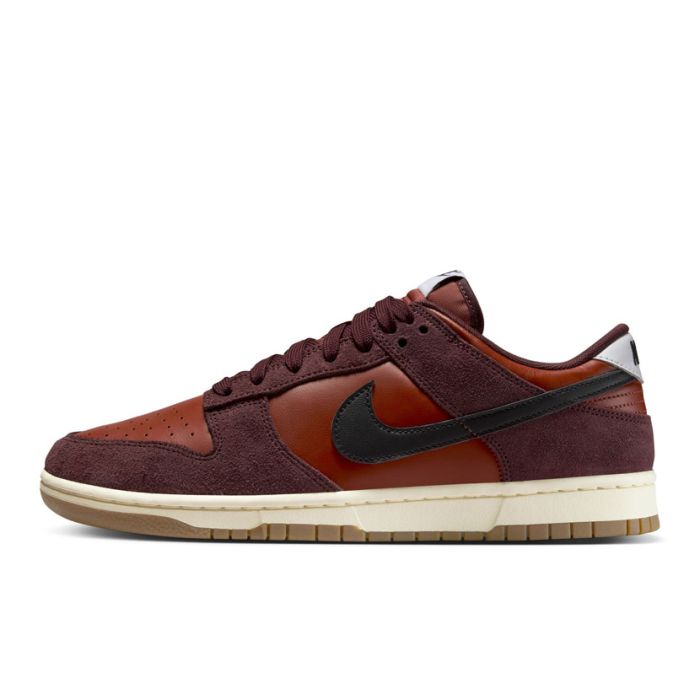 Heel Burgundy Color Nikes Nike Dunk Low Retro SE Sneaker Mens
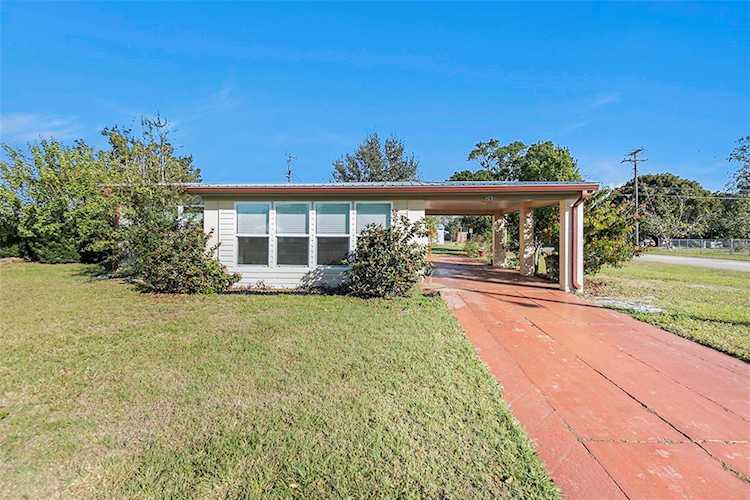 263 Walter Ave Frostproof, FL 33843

————————

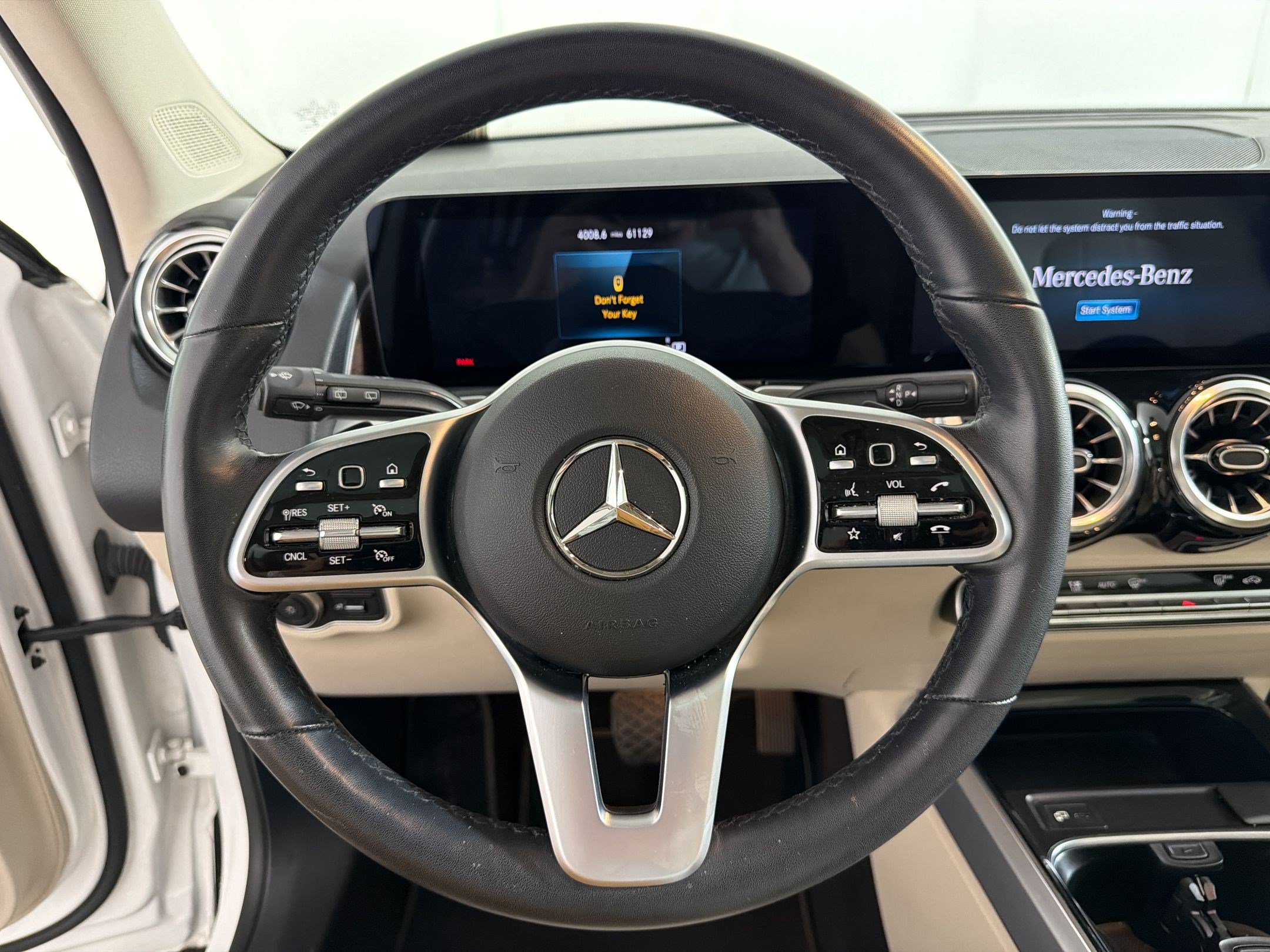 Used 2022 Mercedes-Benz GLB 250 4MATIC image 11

————————

▶ **Work instruction**
From the records above, quote word for word only the lines beginning at the line that has "Heel Burgundy Color" and stopping after the line that has "263 Walter Ave Frostproof, FL 33843". Omit the pictures.

▶ **Task answer**
 Heel Burgundy Color Nikes Nike Dunk Low Retro SE Sneaker Mens
 263 Walter Ave Frostproof, FL 33843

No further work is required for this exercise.